Thoughts on Optimal Investment

The Efficient Market Hypothesis

Generally speaking, there are two types of investment: active and passive. Active investing entails spending time/money/effort to find good investments and good times to buy/sell to optimize your risk-adjusted rate of return, while passive investing entails buying one or more index funds and just continuously buying each month.

There is, admittedly a continuum to be seen here, but, by and large passive investment tends to be as good as (if not superior to) active investment within an asset class for the majority of people Passive management. This hypothesis is backed up by historic data, since low-fee index funds have outperformed most funds actively managed by investors Liu. All of this supports the idea that financial markets are generally efficient and trying to "beat" them is typically foolhardy.

All that being said, the fact that financial markets are typically efficient is not a slam-dunk argument against applying intelligence to investment.
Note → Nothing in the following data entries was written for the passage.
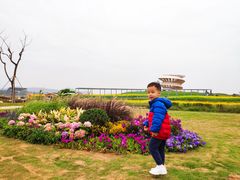 -光明小镇欢乐田园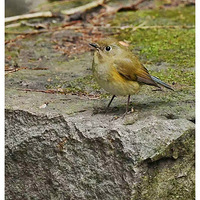 Ұ�ĵĺ�в��β�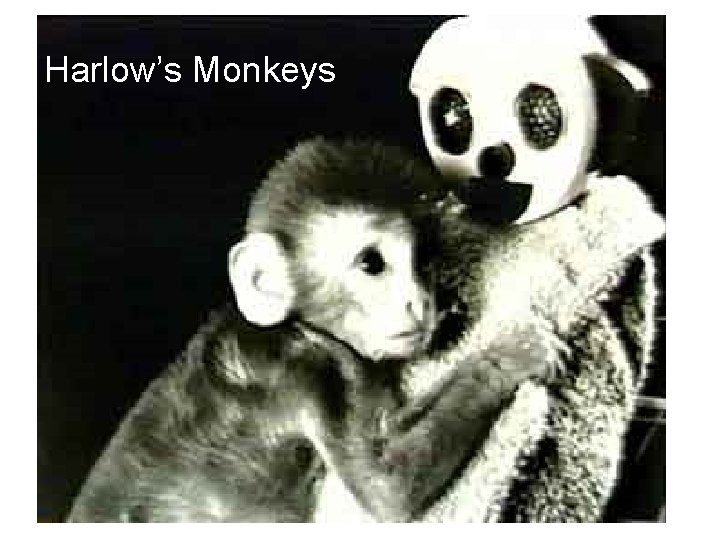Harlow’s Monkeys 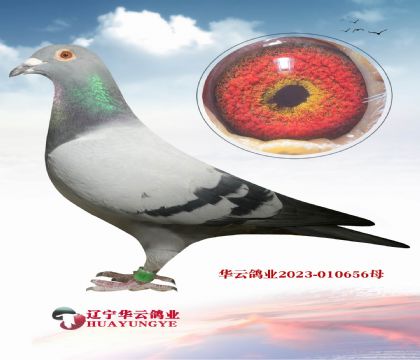 Ӣ��˹�Ĳ����۵�ѪϵXǧ�f��(j��)�S���䌦(du��)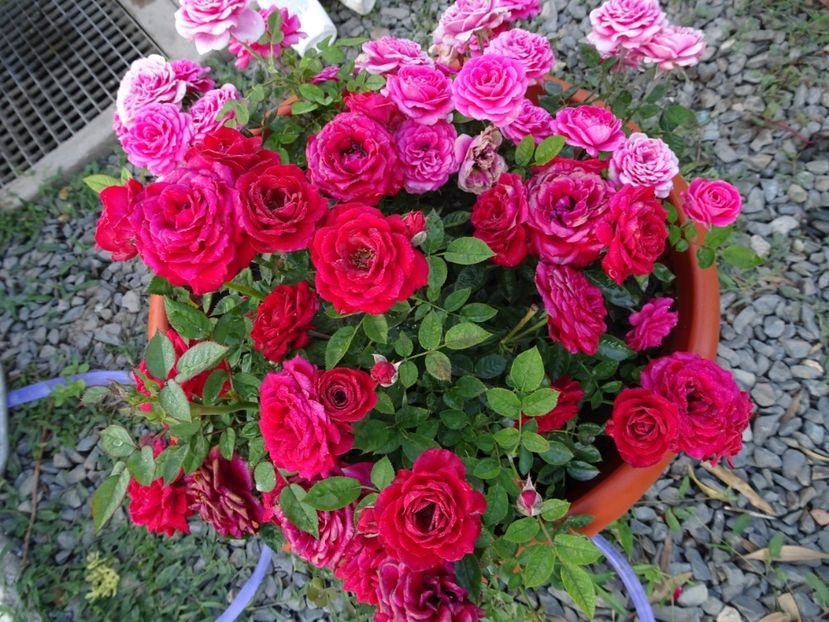  - TRANDAFIRI MINI IN CIUBAR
In particular, there is good evidence markets are not efficient between countries Equity home bias puzzle Backus–Kehoe–Kydland puzzle Feldstein–Horioka puzzle. Moreover, different utility functions (i.e. risk aversiveness) imply different asset class mixes in some pretty significant ways. For instance, as I discuss later, the only people who buy treasury bonds are people who are extremely risk averse - or rather people who think they're extremely risk averse because they're bad at understanding risk quantitatively. What's more, there's at least some evidence the EMH doesn't really apply across asset classes.

For these reason, I'm not going to talk about how to choose which particular stocks/bonds/etc to invest in. Instead I'm going to discuss the other aspects of investing: which indexes to use, how to allocate your savings between those indices to balance risk and return, and how to avoid large tax bills. If you're instead interested in "beating the stock market", a place to start is this dataset Marjanovic.


Any American who wants to understand optimal investment should have a solid understanding of the US tax code. I've listed the most important topics below, but this list isn't meant to explain any of these in-depth; it should instead be viewed as a good point to start your own research.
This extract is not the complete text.